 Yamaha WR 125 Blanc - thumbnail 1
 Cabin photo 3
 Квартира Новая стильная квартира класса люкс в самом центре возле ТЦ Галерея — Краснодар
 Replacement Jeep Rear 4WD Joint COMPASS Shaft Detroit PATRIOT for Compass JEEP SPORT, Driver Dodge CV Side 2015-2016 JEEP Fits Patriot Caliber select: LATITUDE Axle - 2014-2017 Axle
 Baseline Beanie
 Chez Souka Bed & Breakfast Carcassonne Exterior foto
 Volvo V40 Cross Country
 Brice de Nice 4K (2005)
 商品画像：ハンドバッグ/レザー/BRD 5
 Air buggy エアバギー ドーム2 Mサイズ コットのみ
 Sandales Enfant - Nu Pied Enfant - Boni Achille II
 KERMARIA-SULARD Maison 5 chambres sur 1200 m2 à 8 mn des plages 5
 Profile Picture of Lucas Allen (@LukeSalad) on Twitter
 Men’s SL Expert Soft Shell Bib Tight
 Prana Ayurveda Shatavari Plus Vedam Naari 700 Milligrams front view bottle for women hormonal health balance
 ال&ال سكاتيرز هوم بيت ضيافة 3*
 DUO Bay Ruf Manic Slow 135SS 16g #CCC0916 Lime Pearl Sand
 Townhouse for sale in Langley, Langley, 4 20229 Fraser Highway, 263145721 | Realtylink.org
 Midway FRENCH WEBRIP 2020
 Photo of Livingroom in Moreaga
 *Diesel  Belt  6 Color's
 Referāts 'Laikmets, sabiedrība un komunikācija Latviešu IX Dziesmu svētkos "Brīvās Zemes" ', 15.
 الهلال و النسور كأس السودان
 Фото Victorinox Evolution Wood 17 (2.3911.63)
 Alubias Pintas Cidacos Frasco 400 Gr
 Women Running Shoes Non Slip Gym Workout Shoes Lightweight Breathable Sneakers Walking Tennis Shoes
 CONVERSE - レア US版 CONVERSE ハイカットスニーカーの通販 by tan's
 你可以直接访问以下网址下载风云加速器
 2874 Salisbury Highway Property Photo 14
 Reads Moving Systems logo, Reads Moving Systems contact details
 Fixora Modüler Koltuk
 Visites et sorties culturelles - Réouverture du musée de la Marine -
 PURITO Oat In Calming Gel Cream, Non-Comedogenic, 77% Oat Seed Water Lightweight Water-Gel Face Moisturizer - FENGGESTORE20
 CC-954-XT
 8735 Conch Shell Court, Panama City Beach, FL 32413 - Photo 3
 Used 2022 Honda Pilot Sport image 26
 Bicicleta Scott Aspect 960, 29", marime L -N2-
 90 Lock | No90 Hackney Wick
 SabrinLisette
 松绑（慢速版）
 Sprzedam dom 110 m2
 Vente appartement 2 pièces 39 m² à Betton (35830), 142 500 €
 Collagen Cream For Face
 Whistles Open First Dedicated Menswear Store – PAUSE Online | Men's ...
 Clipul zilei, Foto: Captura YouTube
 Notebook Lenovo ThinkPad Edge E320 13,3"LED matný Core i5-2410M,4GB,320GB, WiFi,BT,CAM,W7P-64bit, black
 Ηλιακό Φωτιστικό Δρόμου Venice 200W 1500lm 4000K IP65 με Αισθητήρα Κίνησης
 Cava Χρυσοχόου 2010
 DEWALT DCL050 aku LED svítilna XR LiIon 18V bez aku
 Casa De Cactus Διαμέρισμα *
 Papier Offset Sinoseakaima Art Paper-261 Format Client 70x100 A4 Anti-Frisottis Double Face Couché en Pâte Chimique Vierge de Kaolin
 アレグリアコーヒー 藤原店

__To do__. What are the lines above that hold the string "Highway"? Copy them.

__Answer to this task__.
 Townhouse for sale in Langley, Langley, 4 20229 Fraser Highway, 263145721 | Realtylink.org
 2874 Salisbury Highway Property Photo 14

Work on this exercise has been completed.